I'm going to take a stab at answering this even though you haven't really provided enough information to be clear about how your proxy works and what it's intended to do.
I am assuming the following:
- All access to the Internet is filtered through this proxy; it's either invisible on the network gateway or any program not configured to use the proxy won't be allowed through the gateway. This applies to all protocols and ports.
- You are filtering on hostnames, not IP addresses.
If those are both true, then yes, the attack as described would work fine. It would be an inconvenient way to browse the web but it would totally work. If you want to block it you need to either:
- Filter on IP address, not hostnames, and ensure that all IP addresses you allow are trusted sites not usable as any kind of proxy.
- Inspect request destination IPs and hostnames, and ensure that they match (that is, the IP is assigned to that domain) and also that the hostname is whitelisted and no whitelisted hostname runs any kind of proxy.
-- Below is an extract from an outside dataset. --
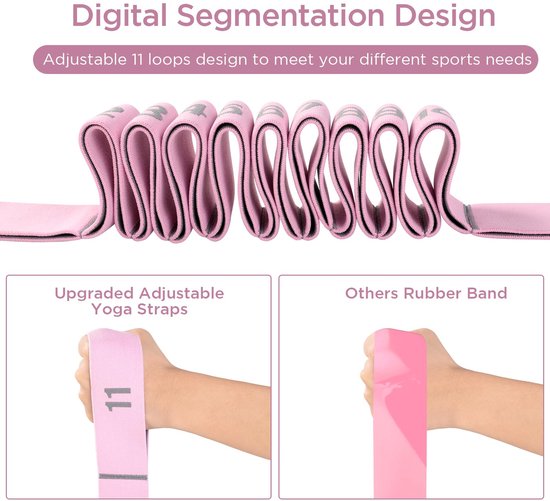 Yoga Stretch Band met 11 Lussen - Elastische Weerstandsband voor Fitness & Pilates - Verstelbare Rekband voor Stretching, Mobiliteit, Flexibiliteitstraining, Yoga en Thuisworkouts — afbeelding 3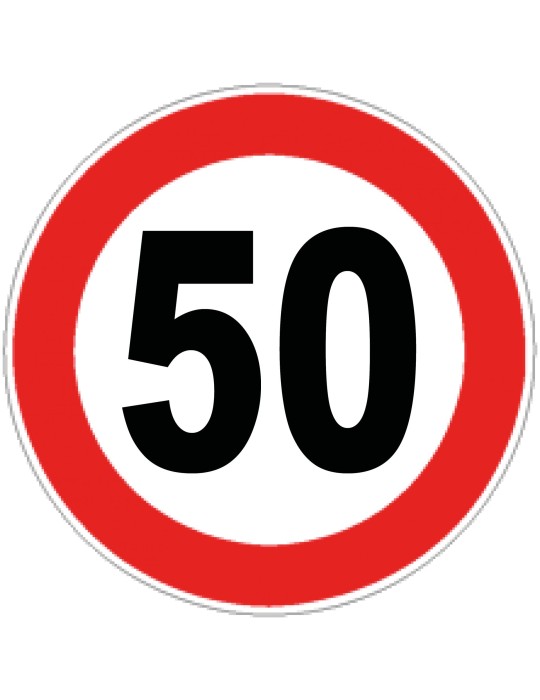 Disco diam. 60 cm classe 1 fig. 50 " limite massimo di velocità 50km/h " Disco diam. 60 cm classe 1 fig. 50 " limite massimo di velocità 50km/h "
If the latter is untrue - that is, you filter on IP addresses, not hostnames - then this won't work as described. However, it would still work if somebody with a whitelisted IP sets up an open proxy on that IP that reads the hostname and forwards the request accordingly (and relays the response), and your users edit their HOSTS files to point all the domain names they care about to this one IP.
If the former is untrue - that is, if there's any way, on some protocol or port or through changing the program configuration, to access the Internet without going through your proxy - then bypassing the filter is always going to be possible. People have built filter-bypass proxies (which they run on their own machines) that tunnel traffic through all kinds of things, like ICMP (the protocol used by
traceroute), DNS requests and responses, and so on. If you allow SSH traffic - even if you block the default SSH port - it's easy; most
ssh implementations let you set up port tunneling to a remote system and then all the user needs to do is tell their browser to use a HTTP proxy on localhost, forward the proxy's port through SSH to an outside box, and run an actual proxy on that box.